→ **Given entries**
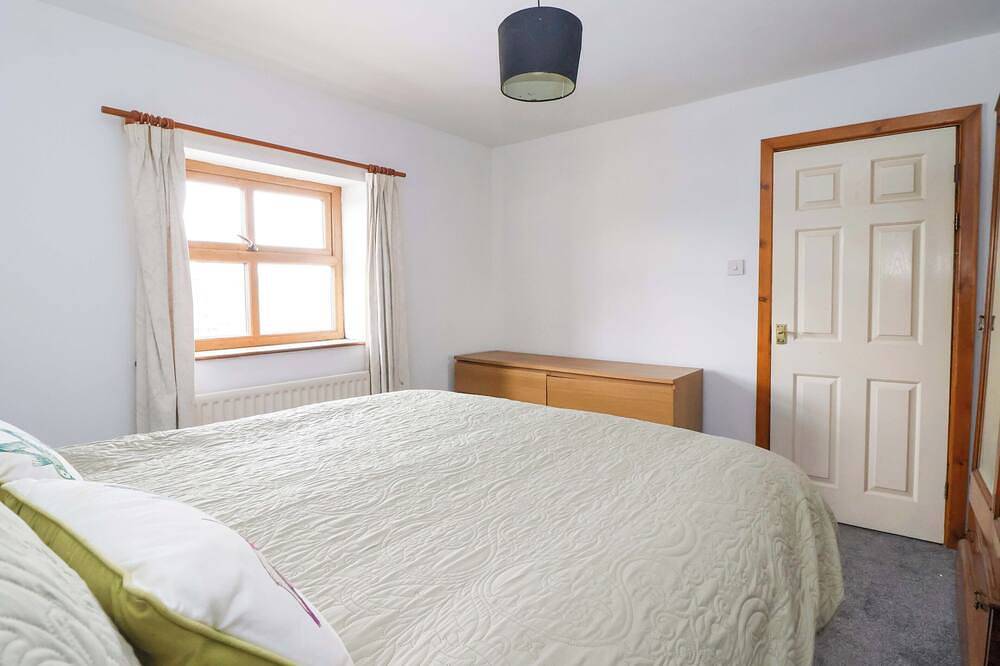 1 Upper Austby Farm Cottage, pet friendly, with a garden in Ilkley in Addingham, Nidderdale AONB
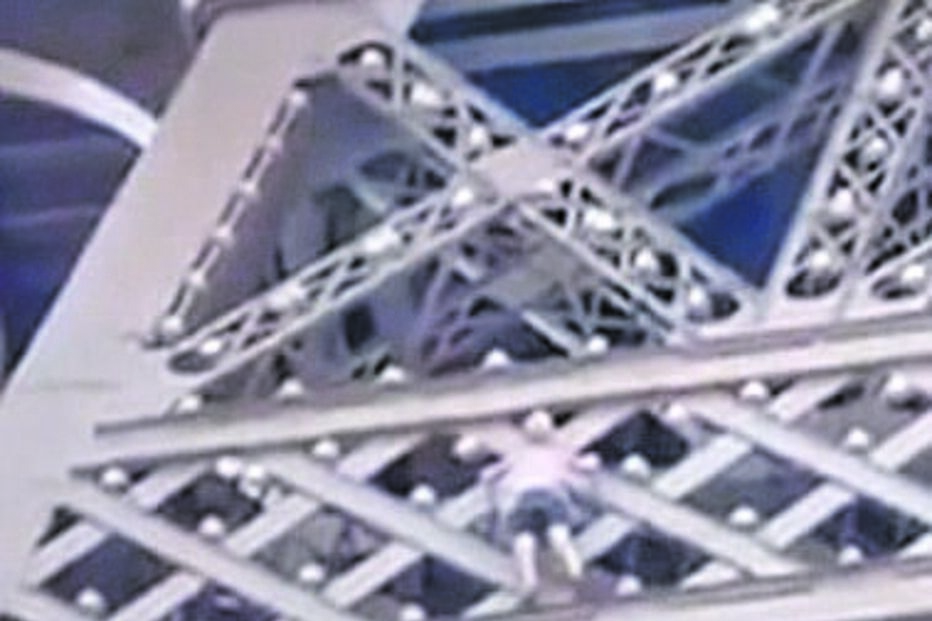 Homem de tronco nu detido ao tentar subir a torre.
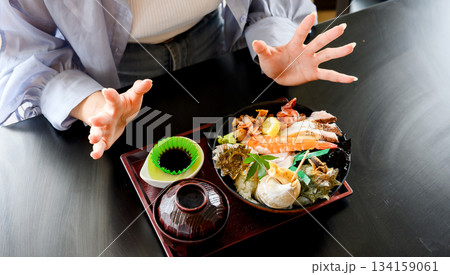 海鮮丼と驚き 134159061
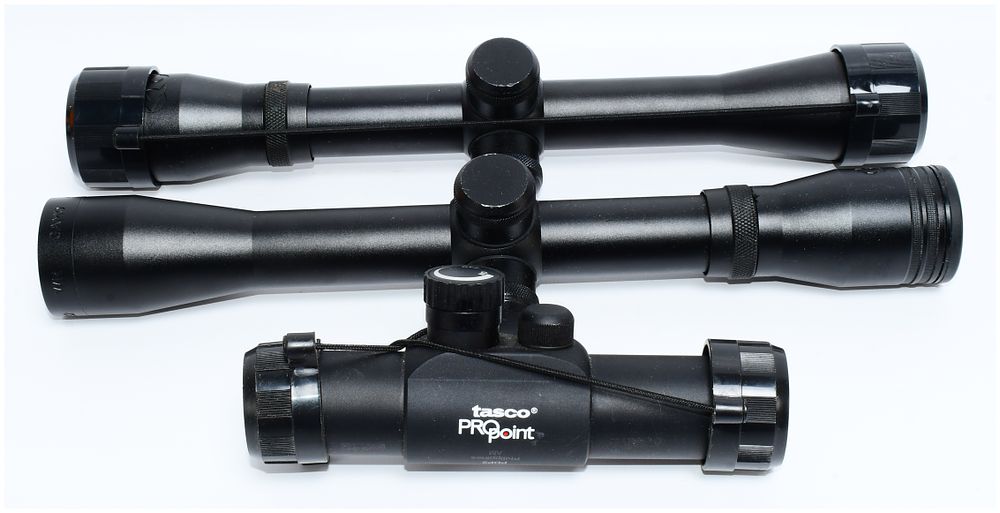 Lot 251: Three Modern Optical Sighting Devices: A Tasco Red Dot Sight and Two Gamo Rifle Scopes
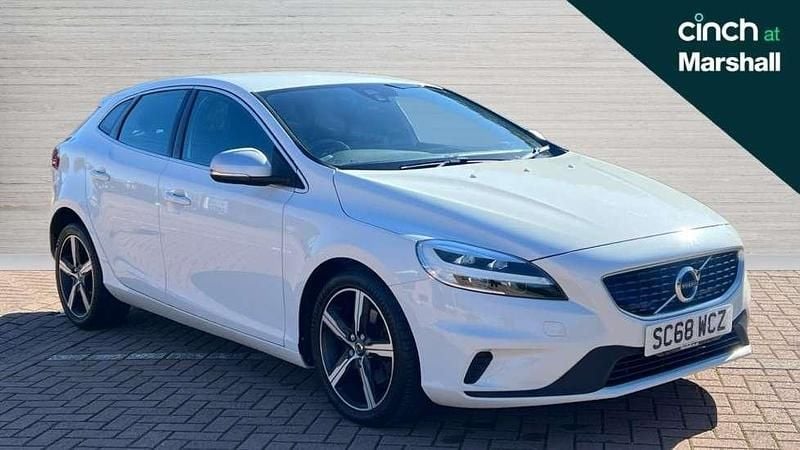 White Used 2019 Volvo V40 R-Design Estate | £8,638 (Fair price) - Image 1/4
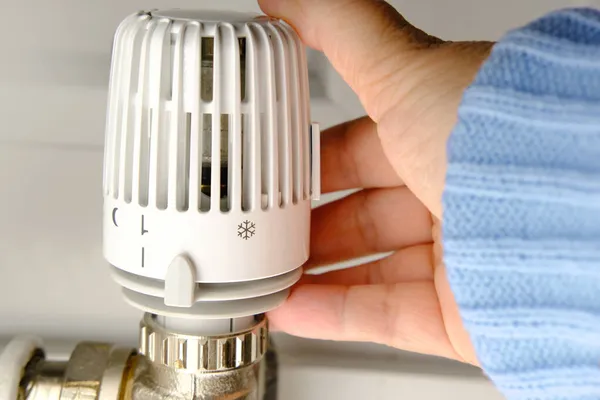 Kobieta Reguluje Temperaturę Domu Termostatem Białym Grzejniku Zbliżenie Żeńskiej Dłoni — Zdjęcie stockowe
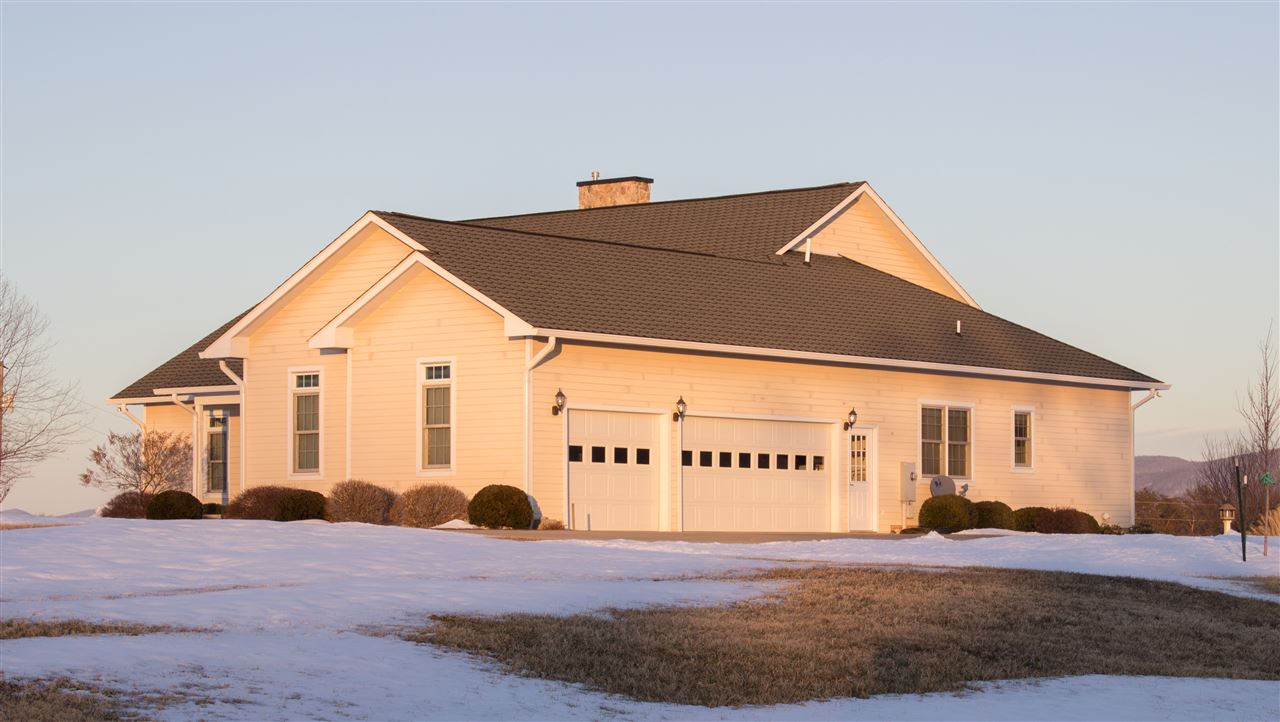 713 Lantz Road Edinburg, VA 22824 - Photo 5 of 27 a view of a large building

→ **Activity**
From the first line to the last, reproduce the records above exactly and skip the pictures.

→ **Result of this task**
 1 Upper Austby Farm Cottage, pet friendly, with a garden in Ilkley in Addingham, Nidderdale AONB
 Homem de tronco nu detido ao tentar subir a torre.
 海鮮丼と驚き 134159061
 Lot 251: Three Modern Optical Sighting Devices: A Tasco Red Dot Sight and Two Gamo Rifle Scopes
 White Used 2019 Volvo V40 R-Design Estate | £8,638 (Fair price) - Image 1/4
 Kobieta Reguluje Temperaturę Domu Termostatem Białym Grzejniku Zbliżenie Żeńskiej Dłoni — Zdjęcie stockowe
 713 Lantz Road Edinburg, VA 22824 - Photo 5 of 27 a view of a large building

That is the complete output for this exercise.